═══ Dataset records ═══

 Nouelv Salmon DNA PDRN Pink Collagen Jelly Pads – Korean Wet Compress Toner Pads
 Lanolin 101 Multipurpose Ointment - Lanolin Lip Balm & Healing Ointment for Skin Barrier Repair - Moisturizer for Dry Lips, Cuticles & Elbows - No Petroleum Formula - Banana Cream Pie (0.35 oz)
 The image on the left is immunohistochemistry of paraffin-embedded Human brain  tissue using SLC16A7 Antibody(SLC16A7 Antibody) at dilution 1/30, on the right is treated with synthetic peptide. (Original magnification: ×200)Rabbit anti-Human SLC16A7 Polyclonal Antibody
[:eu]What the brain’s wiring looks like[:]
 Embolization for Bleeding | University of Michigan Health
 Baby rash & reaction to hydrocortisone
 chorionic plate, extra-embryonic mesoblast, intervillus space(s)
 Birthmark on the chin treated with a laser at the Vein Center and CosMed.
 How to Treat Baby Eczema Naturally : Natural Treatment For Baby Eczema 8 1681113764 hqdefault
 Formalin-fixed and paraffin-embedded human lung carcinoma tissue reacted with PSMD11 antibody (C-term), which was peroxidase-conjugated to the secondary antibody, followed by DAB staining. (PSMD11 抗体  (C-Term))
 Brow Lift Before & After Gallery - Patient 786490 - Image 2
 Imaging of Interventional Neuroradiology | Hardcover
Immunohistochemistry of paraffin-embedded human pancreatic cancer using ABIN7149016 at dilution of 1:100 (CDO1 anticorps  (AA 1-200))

═══
═══ Dataset records ═══

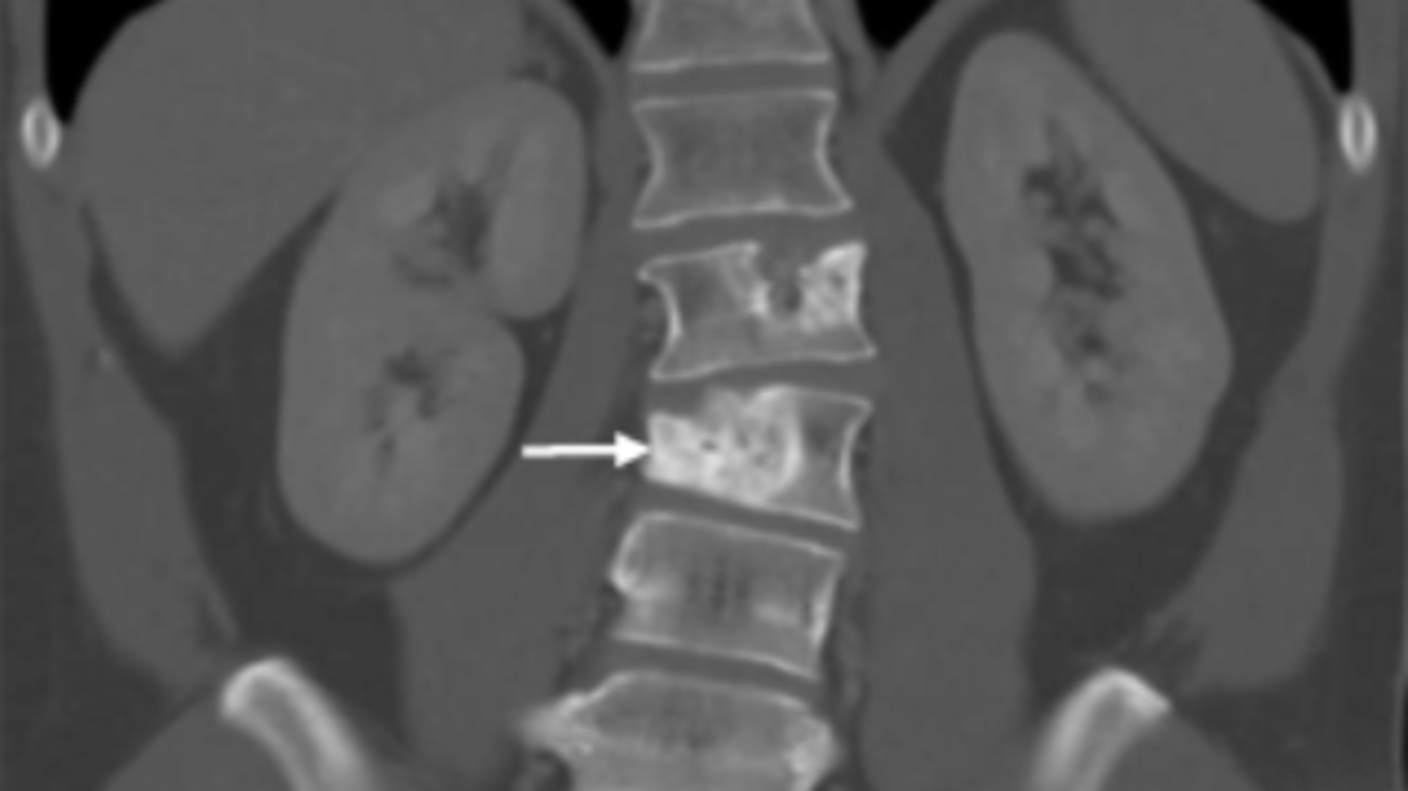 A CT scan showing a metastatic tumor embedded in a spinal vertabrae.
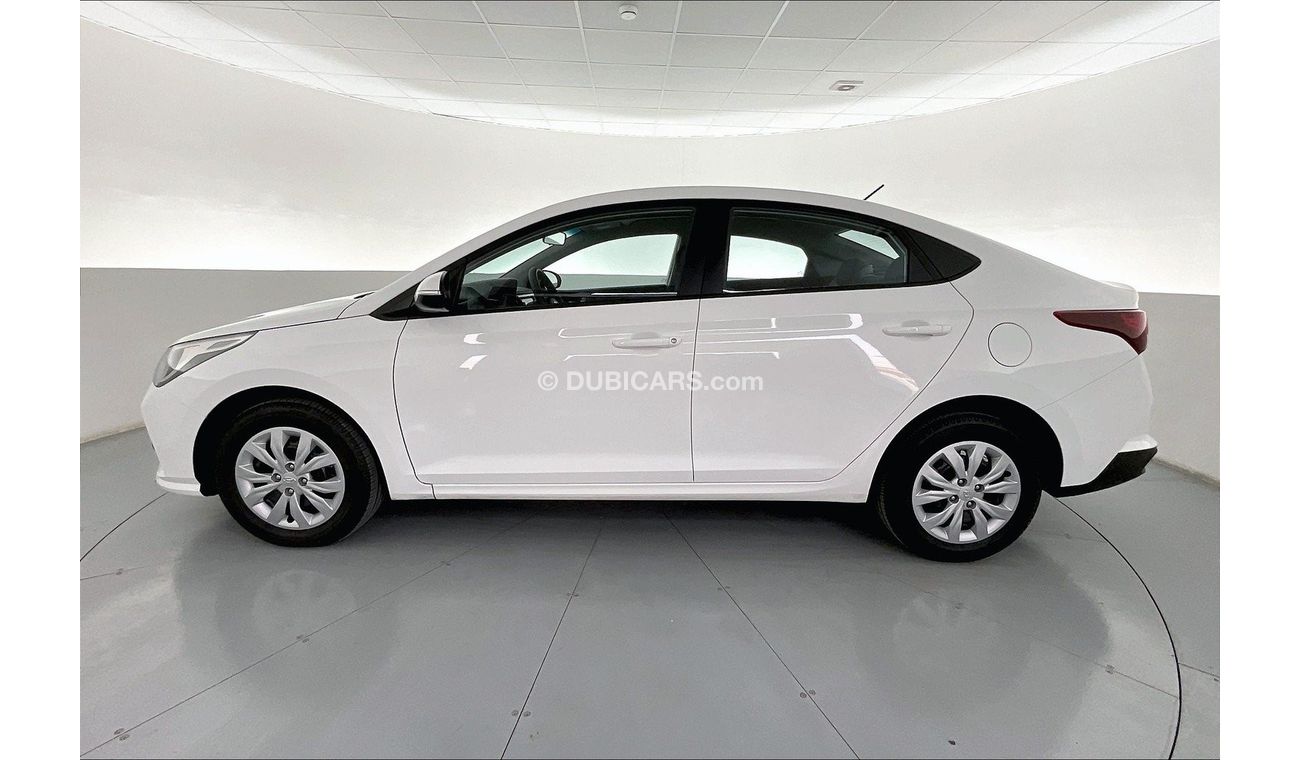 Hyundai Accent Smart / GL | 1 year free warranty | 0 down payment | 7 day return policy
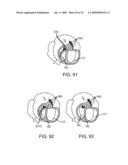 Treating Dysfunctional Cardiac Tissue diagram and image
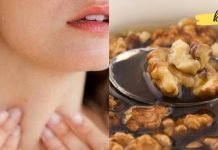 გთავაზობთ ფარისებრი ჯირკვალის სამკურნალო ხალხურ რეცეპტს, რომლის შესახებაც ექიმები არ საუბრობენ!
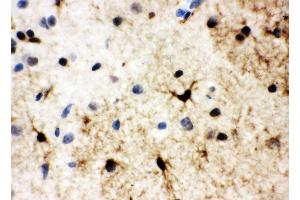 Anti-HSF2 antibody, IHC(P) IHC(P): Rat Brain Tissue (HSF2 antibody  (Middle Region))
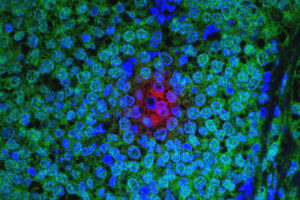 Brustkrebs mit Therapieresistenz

═══

▶ _Exercise directions_:
Copy the records above exactly, beginning at the line that contains "How to Treat" and stopping after the line that contains "Immunohistochemistry of paraffin-embedded human pancreatic".

▶ _Finished exercise_:
 How to Treat Baby Eczema Naturally : Natural Treatment For Baby Eczema 8 1681113764 hqdefault
 Formalin-fixed and paraffin-embedded human lung carcinoma tissue reacted with PSMD11 antibody (C-term), which was peroxidase-conjugated to the secondary antibody, followed by DAB staining. (PSMD11 抗体  (C-Term))
 Brow Lift Before & After Gallery - Patient 786490 - Image 2
 Imaging of Interventional Neuroradiology | Hardcover
Immunohistochemistry of paraffin-embedded human pancreatic cancer using ABIN7149016 at dilution of 1:100 (CDO1 anticorps  (AA 1-200))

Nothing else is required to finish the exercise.